▸ ASSIGNED TASK: Excluding pictures, give the entries again exactly as they appear.

▸ SUPPLIED MATERIAL:
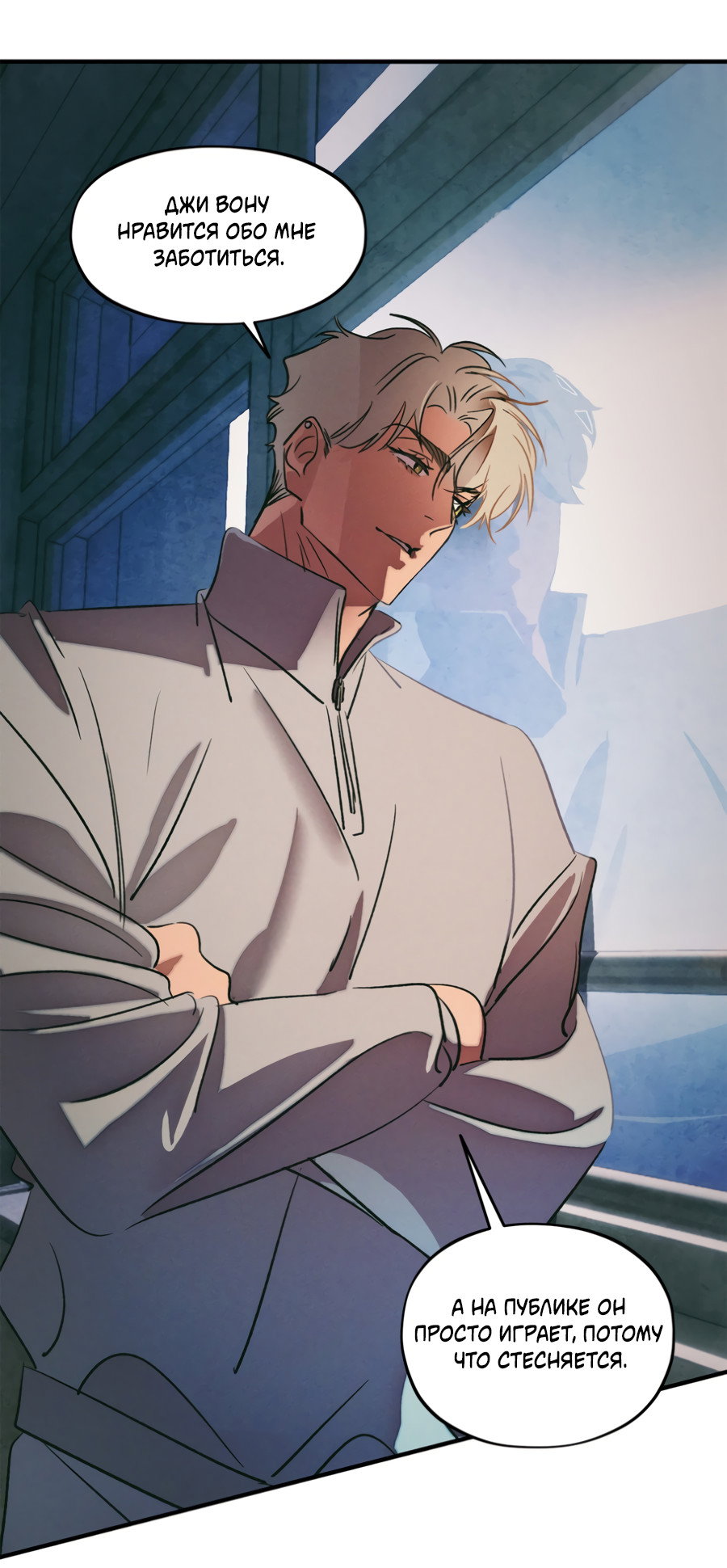 Манга Божья воля - Глава 35.2 Страница 37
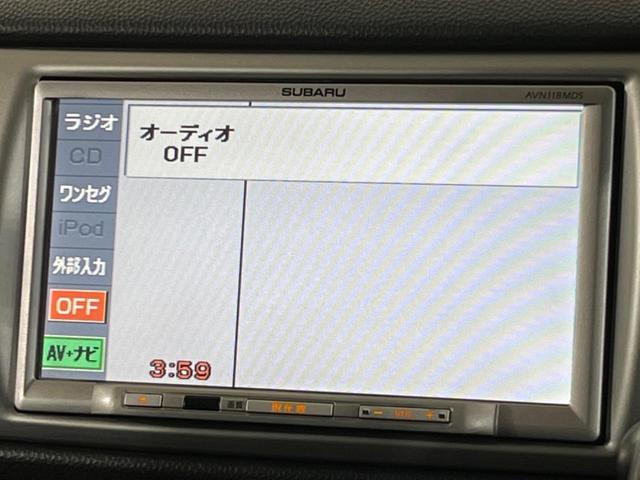 ステラ カスタムRリミテッド 純正ナビ 禁煙車 ETC スマートキー 純正14インチAW HIDヘッドライト オートエアコン シートリフター 電動格納ミラー 地デジ CD再生 盗難防止装置 プライバシーガラス 衝突安全ボディー(26枚目)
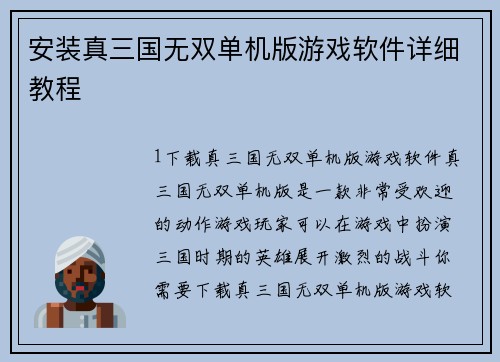 安装真三国无双单机版游戏软件详细教程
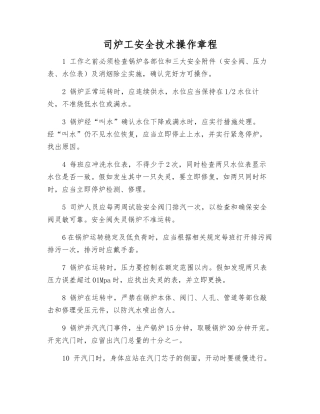 司炉工安全技术操作规程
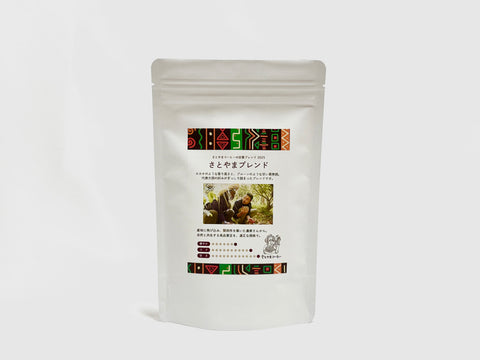 さとやまブレンド 2025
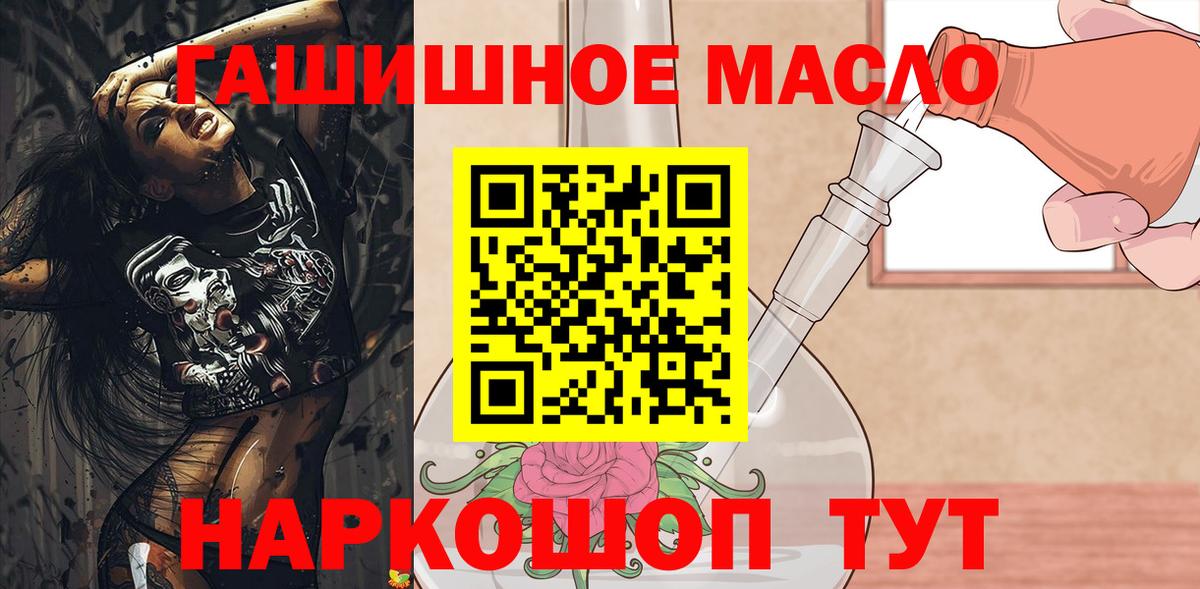 Дистиллят ТГК THC oil Георгиевск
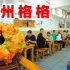 重庆万州最火老字号“格格”，软糯飘香，饭点人多抢位置点菜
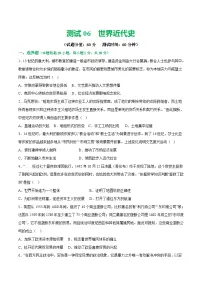 2025年中考历史一轮复习（测试06）世界近代史（解析版）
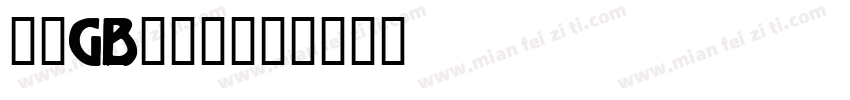 仿宋GB213字体转换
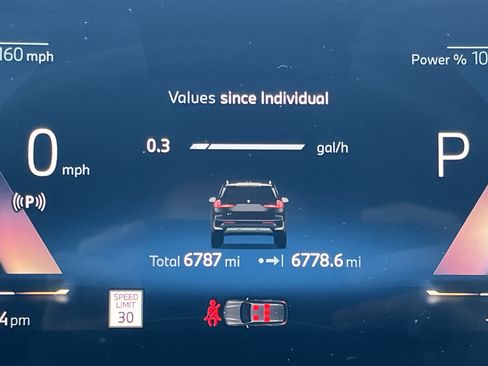 Used 2025 BMW X1 xDrive28i w/ Convenience Package image 24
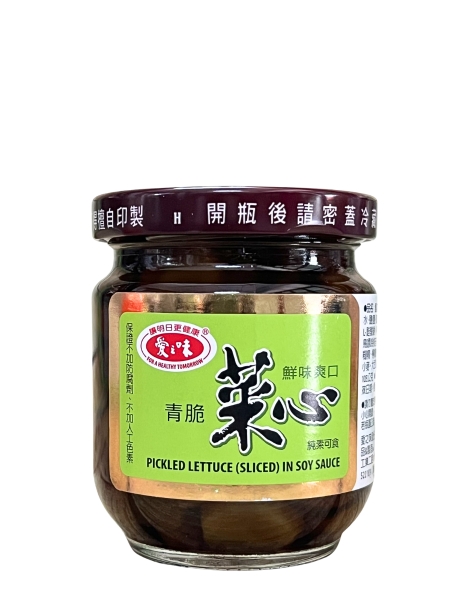 Cải Giòn Ngâm Tương AGV 180G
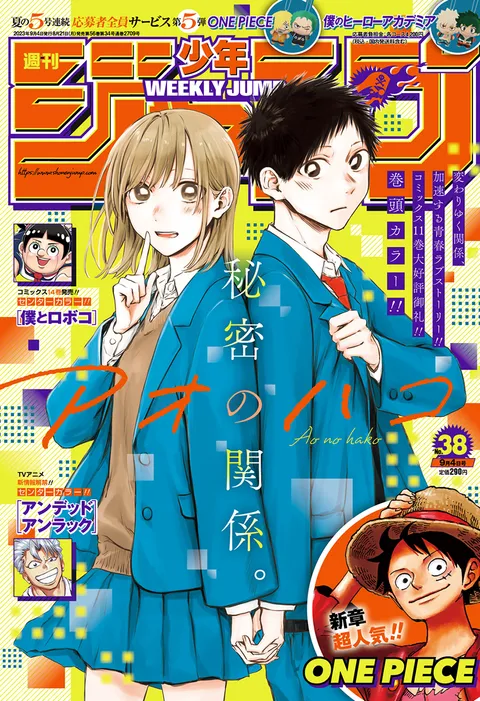 Copertina di Weekly Shōnen Jump 2023 38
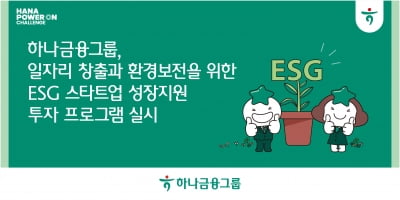 신한금융, 'ESG 진심 프로젝트' 속도 낸다 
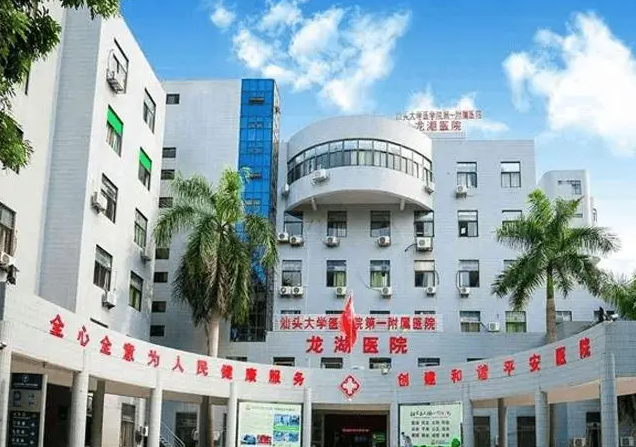 汕头去眼袋医院排名发布,眼袋拯救计划刻不容缓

▸ OUTPUT OF THE TASK:
 Манга Божья воля - Глава 35.2 Страница 37
 ステラ カスタムRリミテッド 純正ナビ 禁煙車 ETC スマートキー 純正14インチAW HIDヘッドライト オートエアコン シートリフター 電動格納ミラー 地デジ CD再生 盗難防止装置 プライバシーガラス 衝突安全ボディー(26枚目)
 安装真三国无双单机版游戏软件详细教程
 司炉工安全技术操作规程
 さとやまブレンド 2025
 Дистиллят ТГК THC oil Георгиевск
 重庆万州最火老字号“格格”，软糯飘香，饭点人多抢位置点菜
 2025年中考历史一轮复习（测试06）世界近代史（解析版）
 仿宋GB213字体转换
 Used 2025 BMW X1 xDrive28i w/ Convenience Package image 24
 Cải Giòn Ngâm Tương AGV 180G
 Copertina di Weekly Shōnen Jump 2023 38
 신한금융, 'ESG 진심 프로젝트' 속도 낸다 
 汕头去眼袋医院排名发布,眼袋拯救计划刻不容缓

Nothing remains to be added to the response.